----- DATA TO PROCESS -----
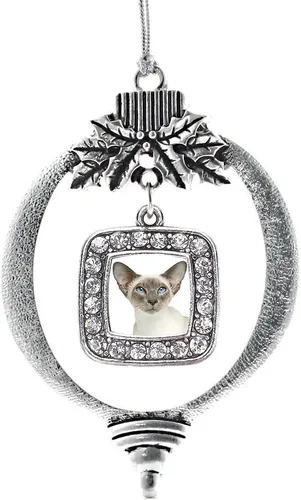 Vista 98 de Inspired Silver - Bon Voyage Cruise Ship Charm Ornamento – Adornos navideños cuadrados de plata con joyas de circonita cúbica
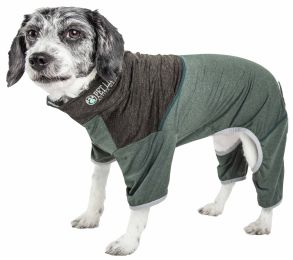 Active 'Embarker' Heathered Performance 4-Way Stretch Two-Toned Full Body Warm Up (Color: Green, Size: X-Small)
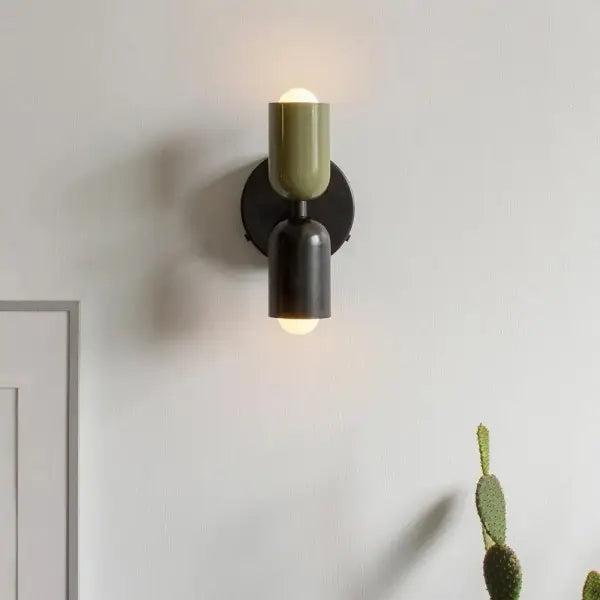 Applique murale à double tête de style morandique – Métal elliptique, multicolore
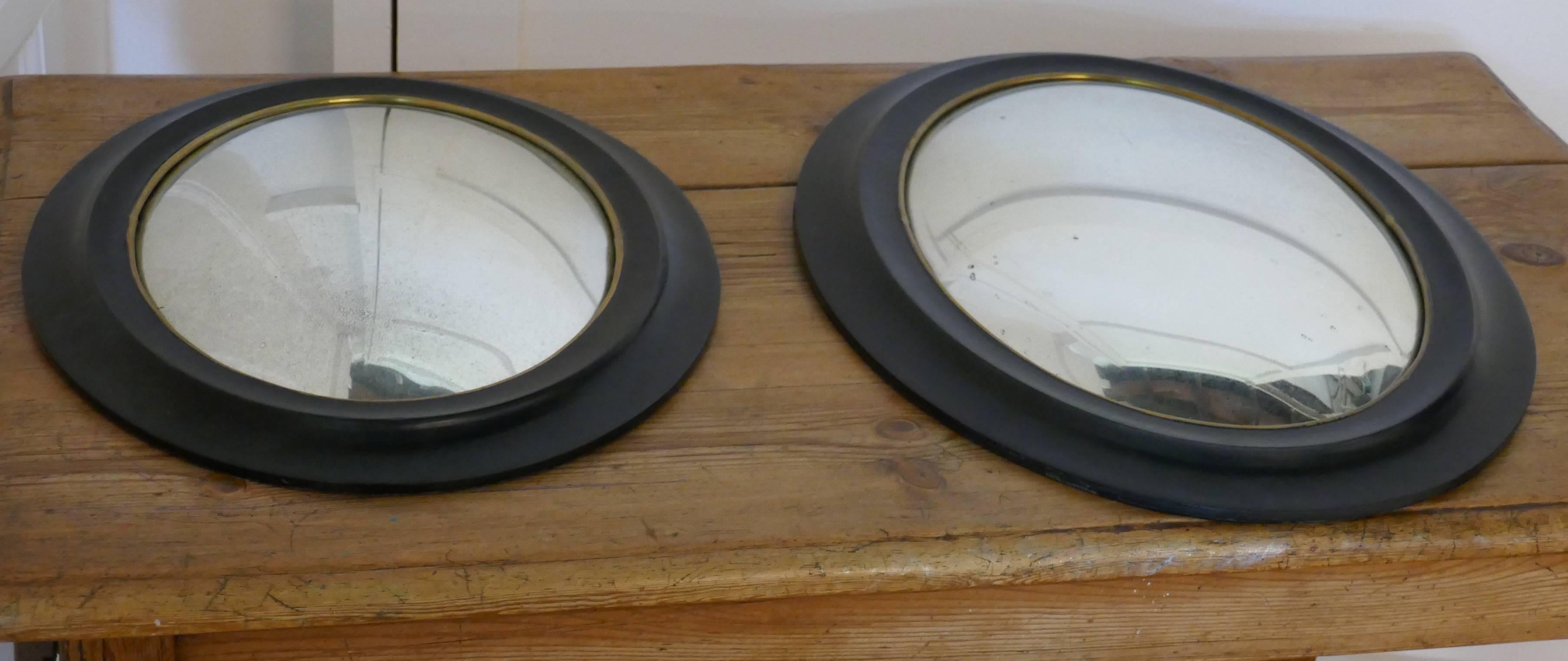 19th Century Regency Style Ebonised Convex Oval Wall Mirror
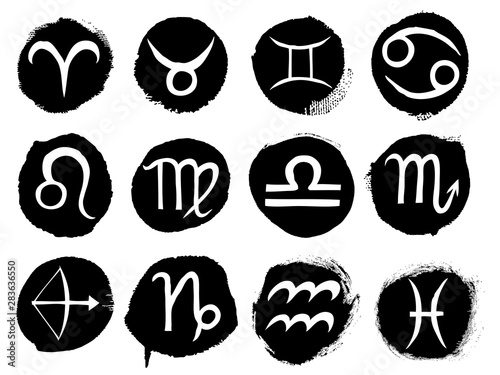 Zodiac for horoscope icon set. Usable for mystic  occult  palmistry and witchcraft alchemy. Vector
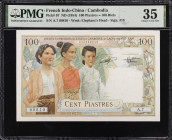 FRENCH INDO-CHINA. Institut d'Emission des Etats du Cambodge, du Laos et du Vietnam. 100 Piastres, ND (1954). P-108. PMG Choice Very Fine 35.
PMG com...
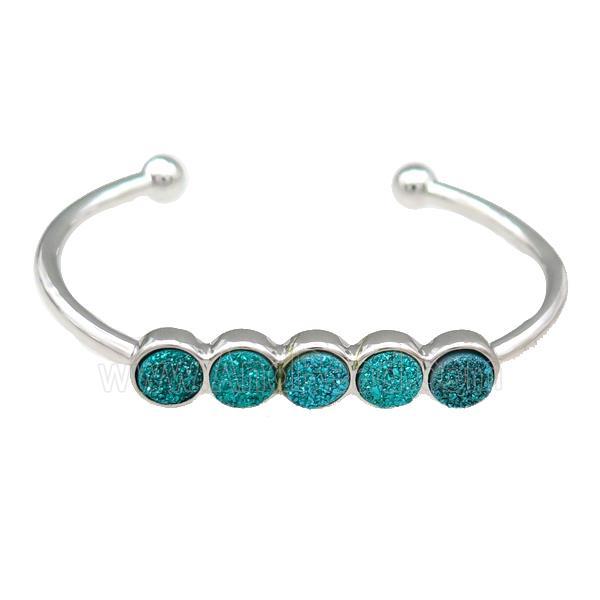 Copper Bangle Pave Green Quartz Druzy Platinum Plated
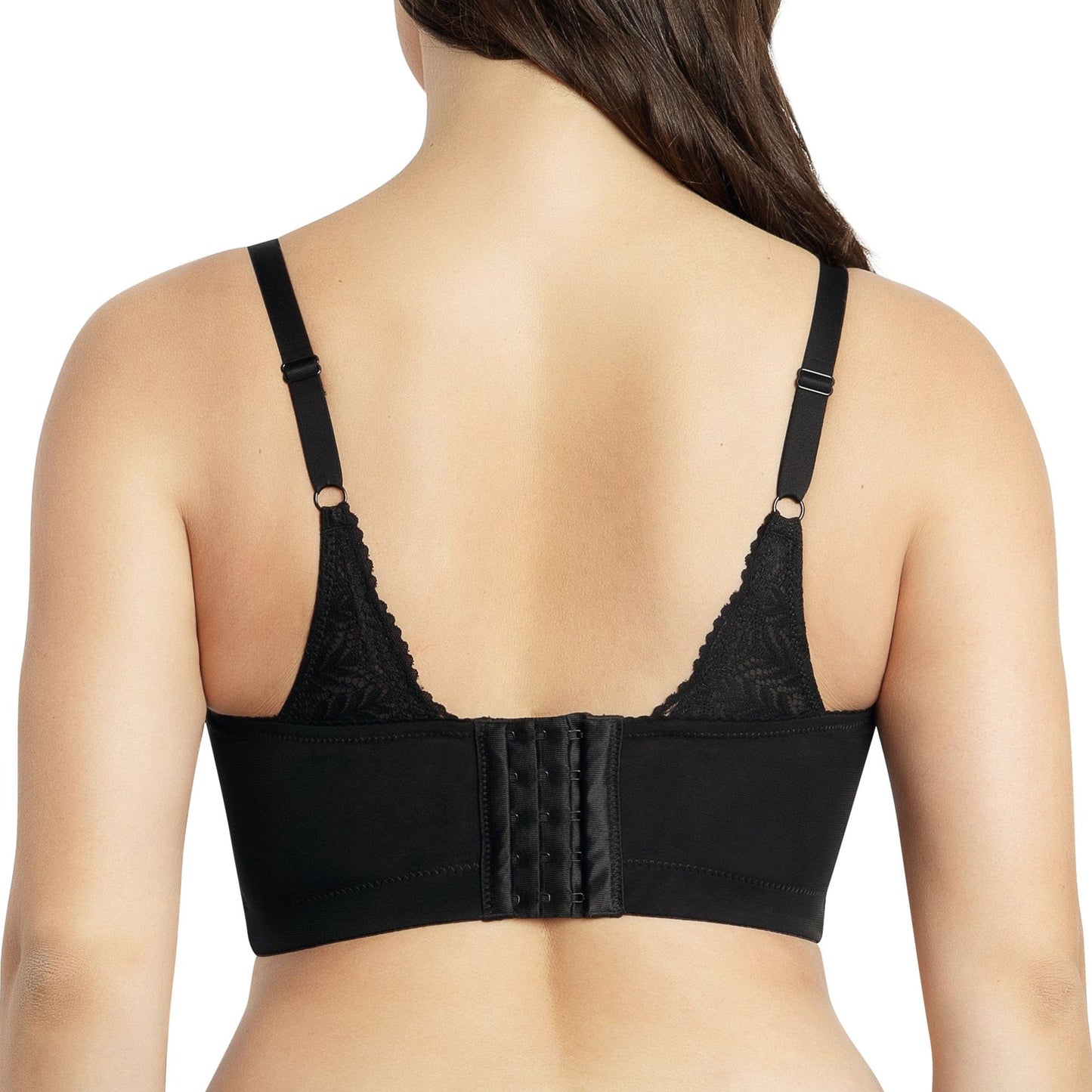 Mia Lace P5951 Women's Full Busted Lightly Padded Wire Free Bra - Black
-----
Transcribe all of the records above exactly; no image should appear in what you write.

FINISHED EXERCISE:
 Vista 98 de Inspired Silver - Bon Voyage Cruise Ship Charm Ornamento – Adornos navideños cuadrados de plata con joyas de circonita cúbica
 Active 'Embarker' Heathered Performance 4-Way Stretch Two-Toned Full Body Warm Up (Color: Green, Size: X-Small)
 Applique murale à double tête de style morandique – Métal elliptique, multicolore
 19th Century Regency Style Ebonised Convex Oval Wall Mirror
 Zodiac for horoscope icon set. Usable for mystic  occult  palmistry and witchcraft alchemy. Vector
 FRENCH INDO-CHINA. Institut d'Emission des Etats du Cambodge, du Laos et du Vietnam. 100 Piastres, ND (1954). P-108. PMG Choice Very Fine 35.
PMG com...
 Copper Bangle Pave Green Quartz Druzy Platinum Plated
 Mia Lace P5951 Women's Full Busted Lightly Padded Wire Free Bra - Black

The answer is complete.